PROBLEM TO WORK ON: Your answer should consist only of the lines below from the one with "Cuadro Decorativo Mural" through the one with "Shape Cushions- Embroidered", copied exactly.

SUPPLIED INFORMATION:

----------

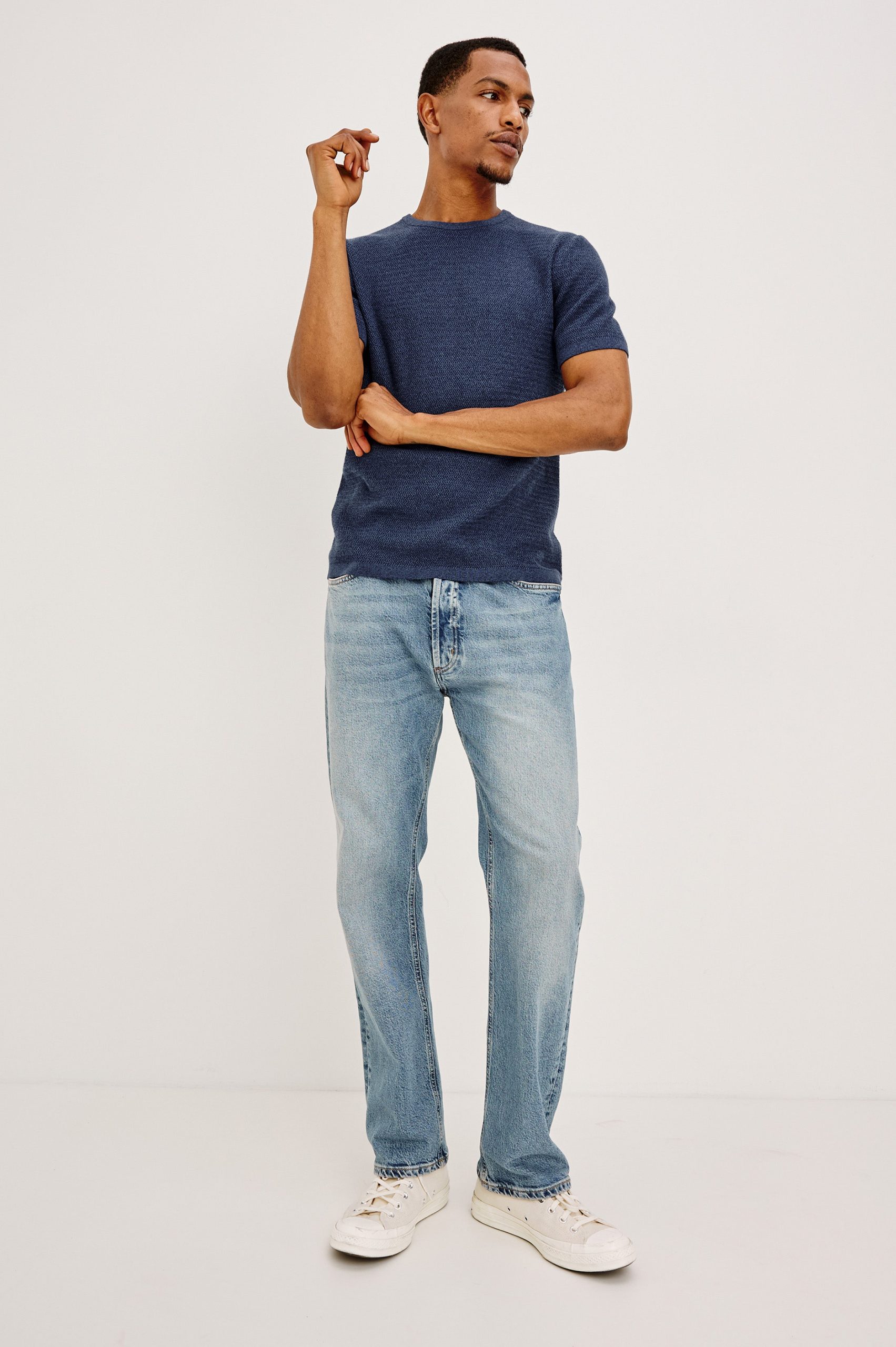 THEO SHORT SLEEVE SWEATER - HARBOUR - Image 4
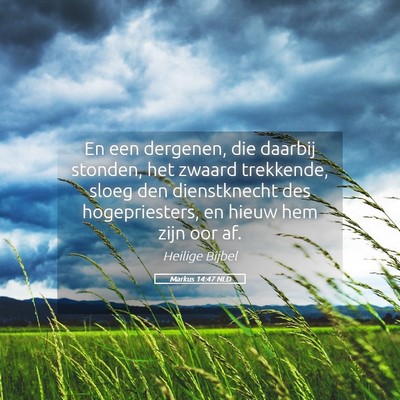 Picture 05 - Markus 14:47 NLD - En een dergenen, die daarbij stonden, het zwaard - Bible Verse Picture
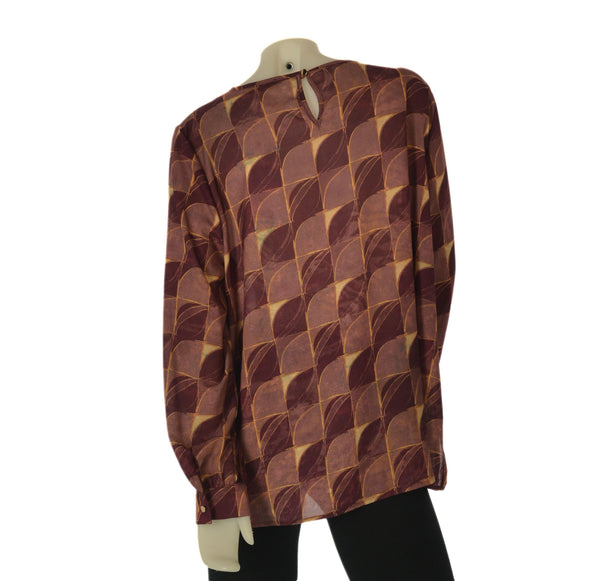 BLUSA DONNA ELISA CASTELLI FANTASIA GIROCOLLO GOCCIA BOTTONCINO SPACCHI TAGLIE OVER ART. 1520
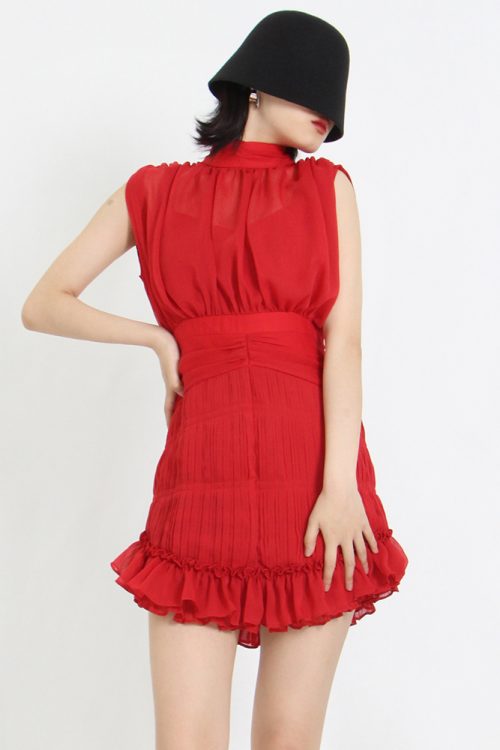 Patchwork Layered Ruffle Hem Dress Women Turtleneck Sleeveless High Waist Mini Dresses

----------

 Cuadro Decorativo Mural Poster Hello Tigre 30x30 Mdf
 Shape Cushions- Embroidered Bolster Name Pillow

----------

ANSWER SECTION:
 Cuadro Decorativo Mural Poster Hello Tigre 30x30 Mdf
 Shape Cushions- Embroidered Bolster Name Pillow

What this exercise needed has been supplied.